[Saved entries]
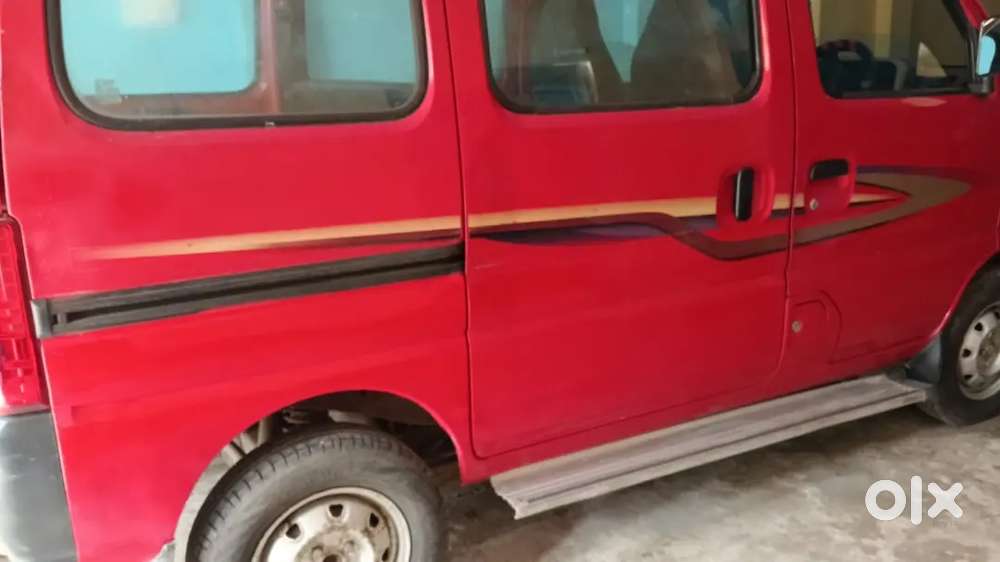 Maruti Suzuki Eeco 2011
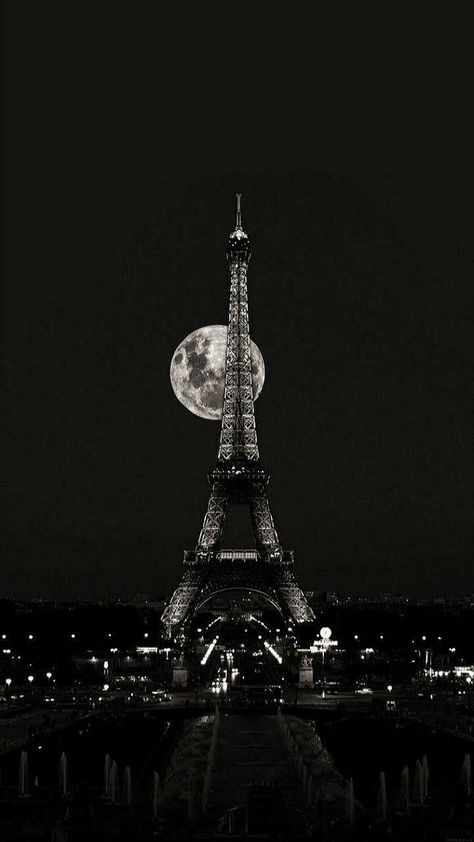 Eiffel Tower Photography, Eiffel Tower At Night, Pretty Wallpapers Tumblr, Paris Wallpaper, Dark Phone Wallpapers, Moon Photography, Pretty Landscapes, Paris At Night, Dark Wallpaper Iphone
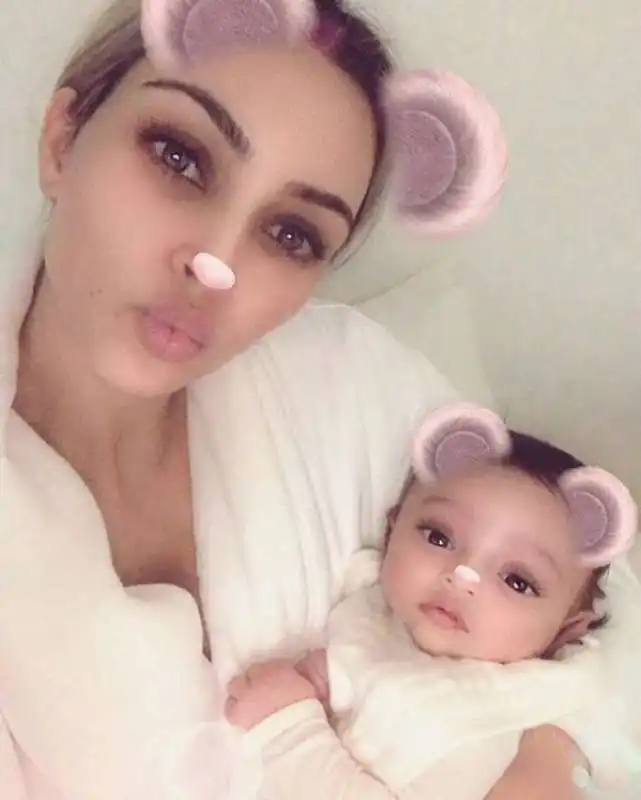 kim kardashian con la figlia chicago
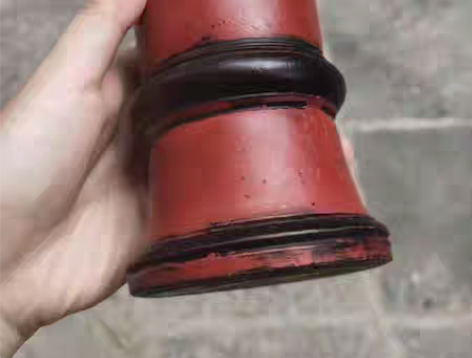 包邮晚清老笔筒，器形简约大方，用土漆着上红...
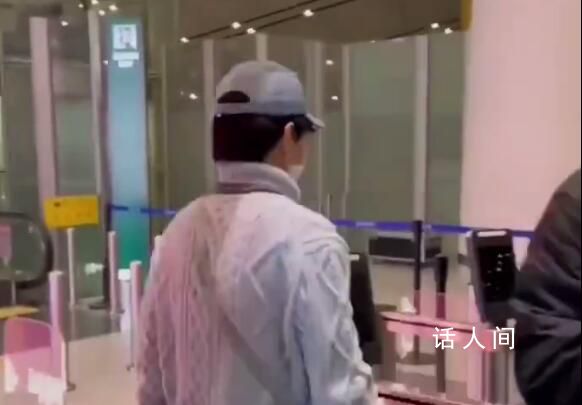 王俊凱機場怒懟代拍 你們還有一點公德心嗎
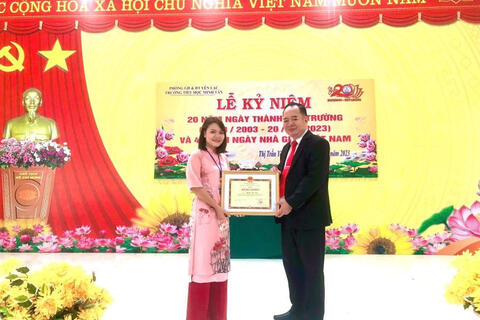 Cô giáo trẻ tận tâm với học trò, tiên phong ứng dụng công nghệ trong dạy học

What needs to be done → Copy the records exactly as they appear, leaving every picture out.

Output of the task →
 Maruti Suzuki Eeco 2011
 Eiffel Tower Photography, Eiffel Tower At Night, Pretty Wallpapers Tumblr, Paris Wallpaper, Dark Phone Wallpapers, Moon Photography, Pretty Landscapes, Paris At Night, Dark Wallpaper Iphone
 kim kardashian con la figlia chicago
 包邮晚清老笔筒，器形简约大方，用土漆着上红...
 王俊凱機場怒懟代拍 你們還有一點公德心嗎
 Cô giáo trẻ tận tâm với học trò, tiên phong ứng dụng công nghệ trong dạy học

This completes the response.